The Jewish history of China dates back to the Tang Dynasty (618 CE – 907 CE), when the first Jews arrived in Kaifeng via the Silk Road, an ancient trade route that connected East Asia and Europe by land and by sea for thousands of years. Today, relatively few Jews of Chinese descent still live in China; most live around the world, particularly in the United States and Israel.

Chinese New Year is the most important holiday in the Chinese year. It is not considered a religious holiday, although many Chinese people do incorporate elements of their own personal spiritual beliefs into their traditions. It is celebrated around the world, especially in areas with large Chinese populations. Many American cities celebrate large Chinese New Year parades, including San Francisco, New York, Chicago, and Washington, DC. Many Chinese Jews celebrate Chinese New Year as well as Jewish holidays.

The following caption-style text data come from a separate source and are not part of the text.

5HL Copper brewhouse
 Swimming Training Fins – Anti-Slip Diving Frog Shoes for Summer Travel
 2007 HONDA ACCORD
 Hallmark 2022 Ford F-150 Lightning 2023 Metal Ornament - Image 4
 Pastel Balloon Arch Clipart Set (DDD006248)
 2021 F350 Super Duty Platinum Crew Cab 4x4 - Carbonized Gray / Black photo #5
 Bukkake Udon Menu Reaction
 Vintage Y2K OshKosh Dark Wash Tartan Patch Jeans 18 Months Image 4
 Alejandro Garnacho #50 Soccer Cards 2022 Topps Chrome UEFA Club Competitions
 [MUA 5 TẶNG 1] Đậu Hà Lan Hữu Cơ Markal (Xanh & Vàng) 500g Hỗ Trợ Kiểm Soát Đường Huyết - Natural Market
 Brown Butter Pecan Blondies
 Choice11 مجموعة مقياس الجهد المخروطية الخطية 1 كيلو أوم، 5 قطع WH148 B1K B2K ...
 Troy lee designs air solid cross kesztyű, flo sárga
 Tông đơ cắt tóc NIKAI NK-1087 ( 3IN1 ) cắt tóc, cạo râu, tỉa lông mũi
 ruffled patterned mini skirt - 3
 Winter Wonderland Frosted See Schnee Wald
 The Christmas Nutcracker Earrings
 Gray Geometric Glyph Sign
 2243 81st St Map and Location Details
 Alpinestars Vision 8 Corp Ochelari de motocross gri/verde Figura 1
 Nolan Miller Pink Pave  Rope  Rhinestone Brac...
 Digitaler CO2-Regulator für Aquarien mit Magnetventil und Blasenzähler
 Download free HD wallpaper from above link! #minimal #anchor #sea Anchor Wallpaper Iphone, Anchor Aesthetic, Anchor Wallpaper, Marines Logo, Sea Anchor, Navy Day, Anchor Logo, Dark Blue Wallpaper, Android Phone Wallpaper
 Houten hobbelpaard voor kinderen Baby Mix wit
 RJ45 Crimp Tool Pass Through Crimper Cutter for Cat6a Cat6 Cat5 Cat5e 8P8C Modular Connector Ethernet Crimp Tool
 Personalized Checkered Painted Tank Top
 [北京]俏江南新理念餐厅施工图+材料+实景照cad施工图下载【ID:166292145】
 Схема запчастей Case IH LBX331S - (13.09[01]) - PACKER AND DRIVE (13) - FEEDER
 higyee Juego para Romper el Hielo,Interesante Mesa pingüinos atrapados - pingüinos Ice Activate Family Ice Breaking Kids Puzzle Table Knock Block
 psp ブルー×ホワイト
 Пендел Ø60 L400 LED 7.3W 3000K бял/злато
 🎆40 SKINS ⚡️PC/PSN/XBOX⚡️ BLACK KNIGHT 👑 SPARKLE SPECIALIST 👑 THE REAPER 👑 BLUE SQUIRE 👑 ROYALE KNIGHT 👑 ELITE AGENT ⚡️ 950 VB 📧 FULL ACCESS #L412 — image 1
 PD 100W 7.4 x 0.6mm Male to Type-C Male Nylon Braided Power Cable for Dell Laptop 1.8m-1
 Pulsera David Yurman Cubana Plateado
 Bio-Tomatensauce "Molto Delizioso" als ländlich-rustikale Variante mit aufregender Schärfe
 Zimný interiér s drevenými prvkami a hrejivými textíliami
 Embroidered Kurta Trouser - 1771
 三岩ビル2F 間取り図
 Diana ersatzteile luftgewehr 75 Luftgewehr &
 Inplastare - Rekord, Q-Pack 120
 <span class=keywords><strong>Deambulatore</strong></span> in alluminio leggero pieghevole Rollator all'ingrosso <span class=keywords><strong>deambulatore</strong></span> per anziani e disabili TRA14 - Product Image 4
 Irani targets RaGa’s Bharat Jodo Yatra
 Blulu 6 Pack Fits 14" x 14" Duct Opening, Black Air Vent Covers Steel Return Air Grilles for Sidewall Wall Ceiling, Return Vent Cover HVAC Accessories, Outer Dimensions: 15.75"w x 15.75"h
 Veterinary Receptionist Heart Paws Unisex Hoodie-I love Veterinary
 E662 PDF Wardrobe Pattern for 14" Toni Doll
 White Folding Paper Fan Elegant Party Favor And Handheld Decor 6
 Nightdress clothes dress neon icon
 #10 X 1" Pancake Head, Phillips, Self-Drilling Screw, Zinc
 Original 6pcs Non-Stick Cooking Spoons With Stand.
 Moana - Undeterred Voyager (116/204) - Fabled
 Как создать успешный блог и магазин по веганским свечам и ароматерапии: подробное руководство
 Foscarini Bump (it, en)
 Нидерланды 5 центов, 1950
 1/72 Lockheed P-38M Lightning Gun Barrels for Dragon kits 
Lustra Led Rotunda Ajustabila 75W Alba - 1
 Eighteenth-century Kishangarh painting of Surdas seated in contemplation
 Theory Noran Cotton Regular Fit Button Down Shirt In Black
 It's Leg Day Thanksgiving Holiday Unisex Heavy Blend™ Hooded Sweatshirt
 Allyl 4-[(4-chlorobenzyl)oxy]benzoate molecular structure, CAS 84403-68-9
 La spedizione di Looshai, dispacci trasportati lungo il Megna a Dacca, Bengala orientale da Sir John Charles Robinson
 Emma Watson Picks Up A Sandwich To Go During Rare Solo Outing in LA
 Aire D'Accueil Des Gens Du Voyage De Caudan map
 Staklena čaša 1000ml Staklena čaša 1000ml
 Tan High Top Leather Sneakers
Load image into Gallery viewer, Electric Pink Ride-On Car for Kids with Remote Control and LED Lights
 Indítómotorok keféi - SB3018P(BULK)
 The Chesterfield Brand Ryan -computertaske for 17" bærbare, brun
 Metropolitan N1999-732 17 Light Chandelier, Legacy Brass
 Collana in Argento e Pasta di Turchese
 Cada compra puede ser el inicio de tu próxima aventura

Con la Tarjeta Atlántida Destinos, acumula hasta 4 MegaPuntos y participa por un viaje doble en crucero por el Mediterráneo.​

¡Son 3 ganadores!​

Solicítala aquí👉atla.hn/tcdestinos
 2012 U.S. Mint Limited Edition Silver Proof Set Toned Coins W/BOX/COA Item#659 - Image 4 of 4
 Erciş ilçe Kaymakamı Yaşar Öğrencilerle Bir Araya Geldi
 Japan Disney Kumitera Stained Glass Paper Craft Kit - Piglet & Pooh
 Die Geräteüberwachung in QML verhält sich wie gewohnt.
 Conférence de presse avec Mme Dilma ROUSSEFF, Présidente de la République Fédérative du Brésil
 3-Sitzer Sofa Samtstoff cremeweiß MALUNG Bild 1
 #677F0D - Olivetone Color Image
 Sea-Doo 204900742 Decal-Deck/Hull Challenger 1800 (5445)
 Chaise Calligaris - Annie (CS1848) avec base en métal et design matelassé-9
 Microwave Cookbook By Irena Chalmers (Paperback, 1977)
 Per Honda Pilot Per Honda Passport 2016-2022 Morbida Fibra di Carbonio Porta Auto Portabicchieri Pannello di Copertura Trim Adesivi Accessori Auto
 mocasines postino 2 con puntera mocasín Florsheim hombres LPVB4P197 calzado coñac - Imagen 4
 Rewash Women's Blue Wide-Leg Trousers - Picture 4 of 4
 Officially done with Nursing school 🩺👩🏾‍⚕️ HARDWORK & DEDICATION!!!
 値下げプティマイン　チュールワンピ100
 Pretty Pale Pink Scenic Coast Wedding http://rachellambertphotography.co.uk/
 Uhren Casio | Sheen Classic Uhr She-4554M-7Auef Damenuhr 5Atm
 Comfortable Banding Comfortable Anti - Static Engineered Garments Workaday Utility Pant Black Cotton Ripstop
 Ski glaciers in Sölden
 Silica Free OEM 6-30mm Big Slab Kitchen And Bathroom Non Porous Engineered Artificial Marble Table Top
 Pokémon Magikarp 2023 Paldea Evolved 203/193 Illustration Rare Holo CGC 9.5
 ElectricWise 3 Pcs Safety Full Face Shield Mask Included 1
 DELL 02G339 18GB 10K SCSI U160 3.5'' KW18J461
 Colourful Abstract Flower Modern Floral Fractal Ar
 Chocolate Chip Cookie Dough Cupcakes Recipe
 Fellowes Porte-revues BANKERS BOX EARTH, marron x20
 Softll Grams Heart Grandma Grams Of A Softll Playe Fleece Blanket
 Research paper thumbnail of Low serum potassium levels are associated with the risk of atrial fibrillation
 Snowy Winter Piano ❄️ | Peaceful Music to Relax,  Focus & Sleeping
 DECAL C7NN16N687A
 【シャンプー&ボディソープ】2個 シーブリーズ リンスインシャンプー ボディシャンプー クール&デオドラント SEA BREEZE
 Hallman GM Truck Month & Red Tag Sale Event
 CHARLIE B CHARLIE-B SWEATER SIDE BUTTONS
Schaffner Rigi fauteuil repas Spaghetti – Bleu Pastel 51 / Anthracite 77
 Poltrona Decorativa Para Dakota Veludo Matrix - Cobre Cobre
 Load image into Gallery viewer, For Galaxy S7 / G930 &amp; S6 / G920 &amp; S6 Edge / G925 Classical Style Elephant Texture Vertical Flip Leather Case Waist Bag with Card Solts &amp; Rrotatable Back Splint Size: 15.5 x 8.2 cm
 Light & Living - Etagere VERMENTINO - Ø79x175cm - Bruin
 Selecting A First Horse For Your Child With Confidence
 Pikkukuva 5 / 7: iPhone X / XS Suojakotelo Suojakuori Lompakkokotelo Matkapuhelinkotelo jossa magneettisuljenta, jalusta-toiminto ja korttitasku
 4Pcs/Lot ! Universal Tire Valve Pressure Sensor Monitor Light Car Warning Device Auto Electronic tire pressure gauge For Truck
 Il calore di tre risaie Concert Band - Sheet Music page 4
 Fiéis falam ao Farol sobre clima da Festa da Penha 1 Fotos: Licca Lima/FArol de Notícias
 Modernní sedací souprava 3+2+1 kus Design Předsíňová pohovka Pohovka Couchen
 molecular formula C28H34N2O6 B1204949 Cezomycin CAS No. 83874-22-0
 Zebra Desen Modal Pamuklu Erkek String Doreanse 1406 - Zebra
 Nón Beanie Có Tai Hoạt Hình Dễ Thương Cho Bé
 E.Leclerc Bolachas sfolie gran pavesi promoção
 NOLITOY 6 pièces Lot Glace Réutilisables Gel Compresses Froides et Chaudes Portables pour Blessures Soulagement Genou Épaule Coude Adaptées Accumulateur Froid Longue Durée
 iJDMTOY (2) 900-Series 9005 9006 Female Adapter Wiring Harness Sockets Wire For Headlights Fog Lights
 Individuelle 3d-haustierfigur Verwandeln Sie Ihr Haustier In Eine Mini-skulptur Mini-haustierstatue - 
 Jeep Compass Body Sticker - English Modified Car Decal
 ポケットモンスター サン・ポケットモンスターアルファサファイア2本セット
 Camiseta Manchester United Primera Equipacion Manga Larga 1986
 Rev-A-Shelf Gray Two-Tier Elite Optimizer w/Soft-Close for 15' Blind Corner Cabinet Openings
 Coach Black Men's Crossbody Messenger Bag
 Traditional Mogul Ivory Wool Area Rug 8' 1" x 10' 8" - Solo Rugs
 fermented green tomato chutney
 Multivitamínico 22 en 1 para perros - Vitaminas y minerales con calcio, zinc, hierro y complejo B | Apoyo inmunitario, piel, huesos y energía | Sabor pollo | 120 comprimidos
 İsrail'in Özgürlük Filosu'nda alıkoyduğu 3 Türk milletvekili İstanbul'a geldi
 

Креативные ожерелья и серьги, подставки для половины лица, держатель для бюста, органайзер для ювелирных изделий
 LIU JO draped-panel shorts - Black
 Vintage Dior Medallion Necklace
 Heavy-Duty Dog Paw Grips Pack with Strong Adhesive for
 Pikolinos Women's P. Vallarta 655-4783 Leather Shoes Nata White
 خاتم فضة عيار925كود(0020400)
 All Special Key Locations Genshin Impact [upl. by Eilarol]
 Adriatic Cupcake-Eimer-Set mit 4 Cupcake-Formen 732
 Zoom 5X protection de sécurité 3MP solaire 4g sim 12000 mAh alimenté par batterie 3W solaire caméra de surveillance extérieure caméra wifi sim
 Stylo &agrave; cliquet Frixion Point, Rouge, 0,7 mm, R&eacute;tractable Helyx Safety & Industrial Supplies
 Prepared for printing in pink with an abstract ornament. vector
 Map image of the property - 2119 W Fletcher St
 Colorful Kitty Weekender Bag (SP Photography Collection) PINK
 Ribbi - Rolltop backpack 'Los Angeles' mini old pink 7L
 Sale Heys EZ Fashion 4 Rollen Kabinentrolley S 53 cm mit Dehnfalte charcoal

The traditional Chinese calendar is a lunisolar calendar, which combines both the cycles of the moon and the sun. The Chinese New Year, also called the Lunar New Year, begins on day one of month one of this calendar. This date falls on the second new moon after the winter solstice, which corresponds to approximately late January or early February on the Gregorian calendar.

Because the Chinese lunisolar calendar is or has been historically used throughout Asia, many other countries and cultures celebrate their own Lunar New Years, including Vietnam, Japan, Korea, Tibet, and Mongolia. Some New Years’ customs are unique to each country’s observance. However, just as in other New Year celebrations around the world, including Rosh Hashanah, the emphasis is on gathering with family, feasting on traditional foods, and wishing for good luck in the year to come.